» Assigned task: Repeat every line from the line containing "Ava Knighten Santana 飾演 Elise Freeman" to the end of the data, exactly. Leave the pictures out.

(Collected data entries)
<<<<
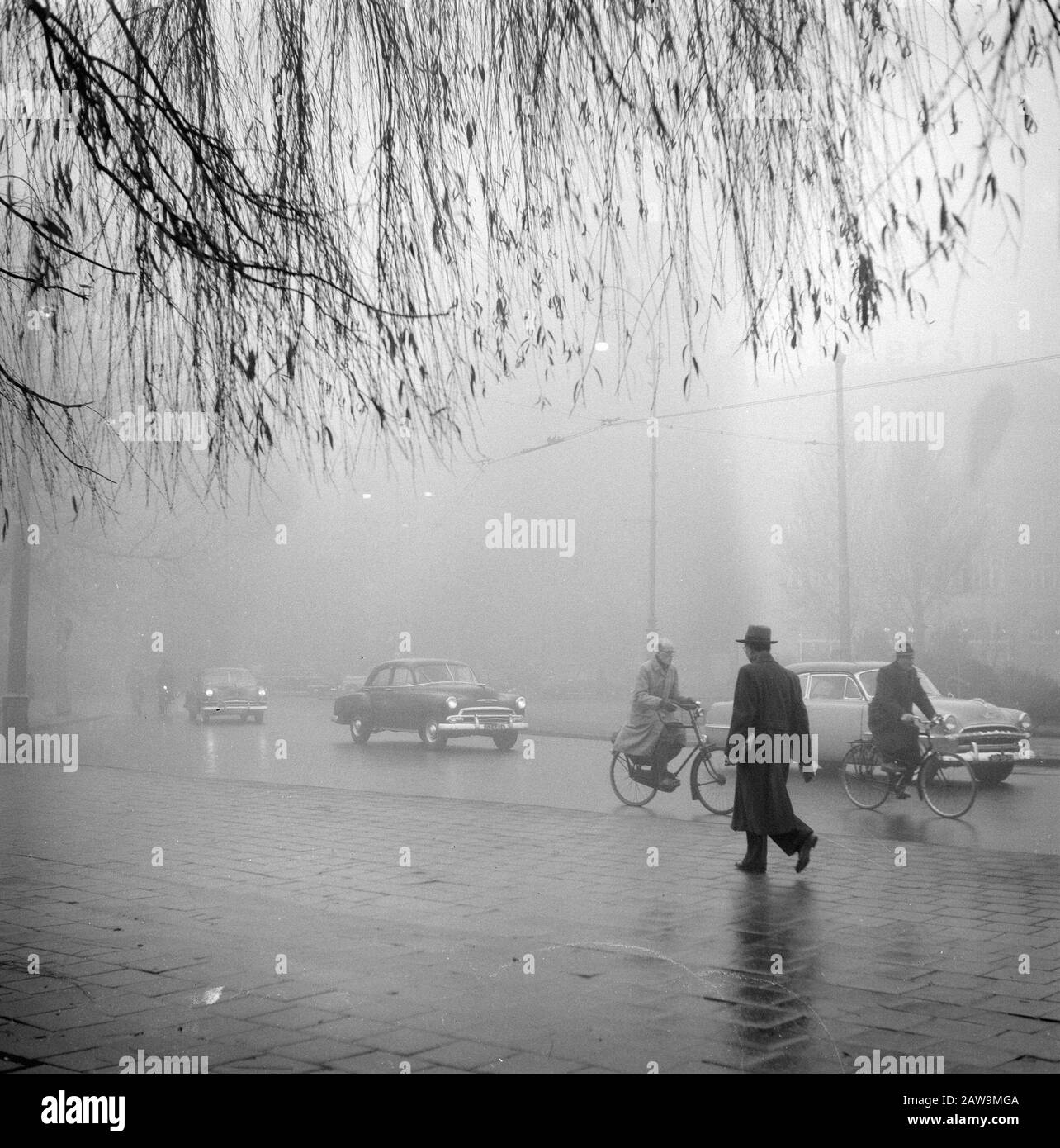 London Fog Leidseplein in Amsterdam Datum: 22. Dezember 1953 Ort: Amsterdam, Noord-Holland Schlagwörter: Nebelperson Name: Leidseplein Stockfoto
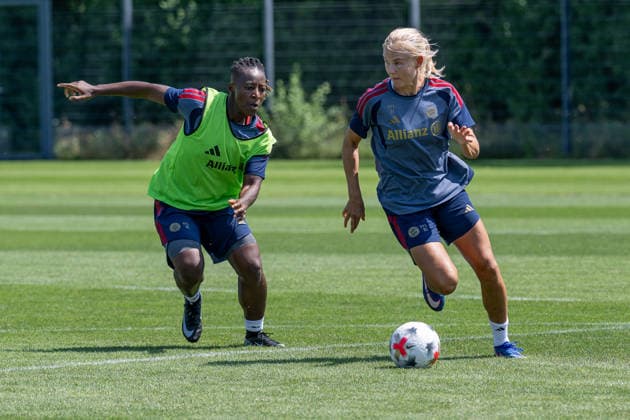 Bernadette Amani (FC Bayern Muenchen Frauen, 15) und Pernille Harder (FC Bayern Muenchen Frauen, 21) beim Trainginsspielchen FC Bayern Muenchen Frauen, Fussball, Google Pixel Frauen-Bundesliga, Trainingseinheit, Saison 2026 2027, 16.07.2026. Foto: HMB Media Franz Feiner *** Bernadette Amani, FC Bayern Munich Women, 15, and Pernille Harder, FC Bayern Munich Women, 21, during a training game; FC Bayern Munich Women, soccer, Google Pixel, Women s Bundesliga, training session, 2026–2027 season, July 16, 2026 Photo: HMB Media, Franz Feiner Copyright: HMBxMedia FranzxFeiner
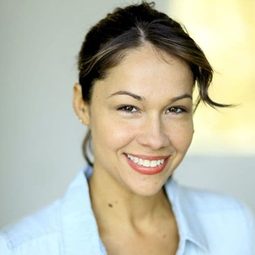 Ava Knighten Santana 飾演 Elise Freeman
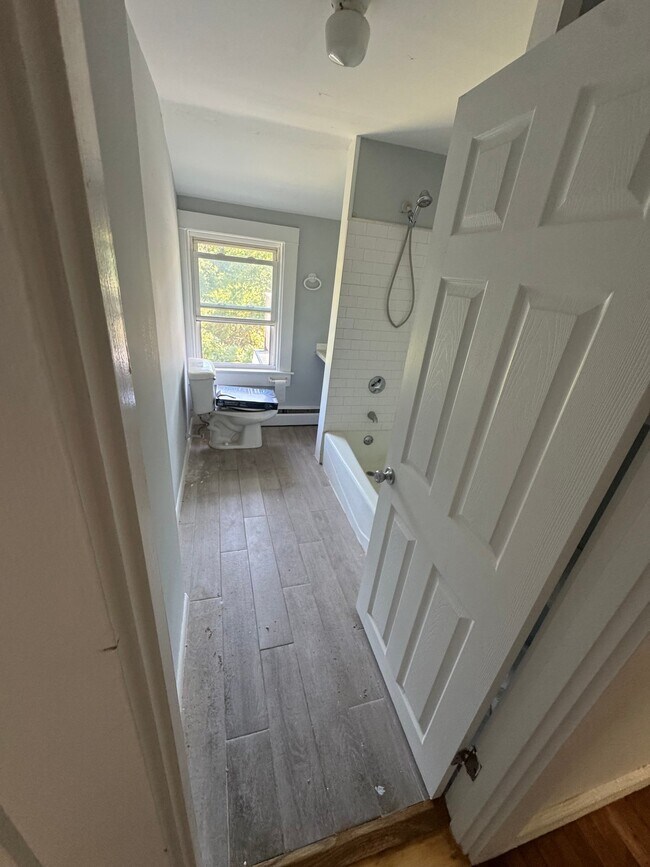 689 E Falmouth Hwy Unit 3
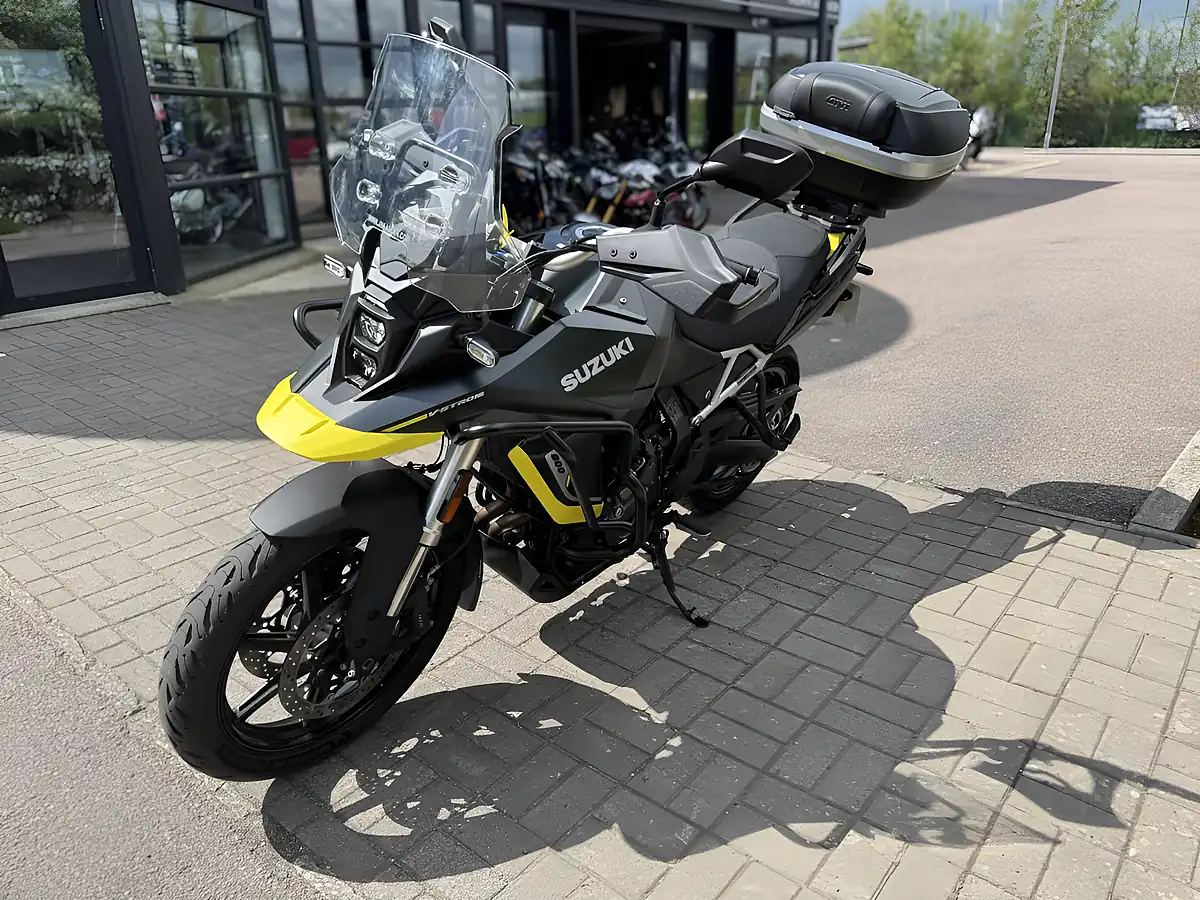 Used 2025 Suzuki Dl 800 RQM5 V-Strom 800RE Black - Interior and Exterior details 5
>>>>
» Reply to the exercise:
 Ava Knighten Santana 飾演 Elise Freeman
 689 E Falmouth Hwy Unit 3
 Used 2025 Suzuki Dl 800 RQM5 V-Strom 800RE Black - Interior and Exterior details 5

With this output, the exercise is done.